There were some (expected) disagreements to my post about why tech artists need ruthlessness.  Perhaps I can help explain my opinion by providing another one about something I know little enough about to run the risk of mischaracterizations: server programmers, and how they don’t need ruthlessness.

(Please mind the words here- I’m not saying they should NOT have it, just that I don’t think it’s essential)

Server programmers occupy, conceptually, the opposite end of the programmer attribute spectrum from TA’s.
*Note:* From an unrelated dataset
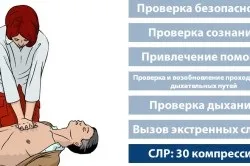 Непрямий масаж серця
They are necessarily highly technical, educated about the lowest levels, always working on highly complex systems, their niche is established, they have a clear area of expertise and control.

This creates a pretty big distance between everyone and server programmers- and this distance allows them to work with more autonomy.  And the autonomy means they don’t have as strong a need for ruthlessness to make decisions.

Tech art overlaps with both Art/Animation and Tools Engineering.  They’re working with specs that are often defined by any other number of parties.  Everyone wants a piece of them but few people understand them (how many times have you heard ‘our server runs automatigically’?).  The core work and decisions of a tech artist is infinitely more scattered than that of a server programmer.

I really should have started with this explanation, as I think it better helps illustrate the causes that require ruthlessness to solve.

So the question to further explore is, how far is the expertise of a tech artist regarding tools from the people using them?  Is it near the same distance as between a server programmer and a user?  A server programmer and an applications programmer?  Something else?

It depends highly on what you consider the job of a tech artist, I think.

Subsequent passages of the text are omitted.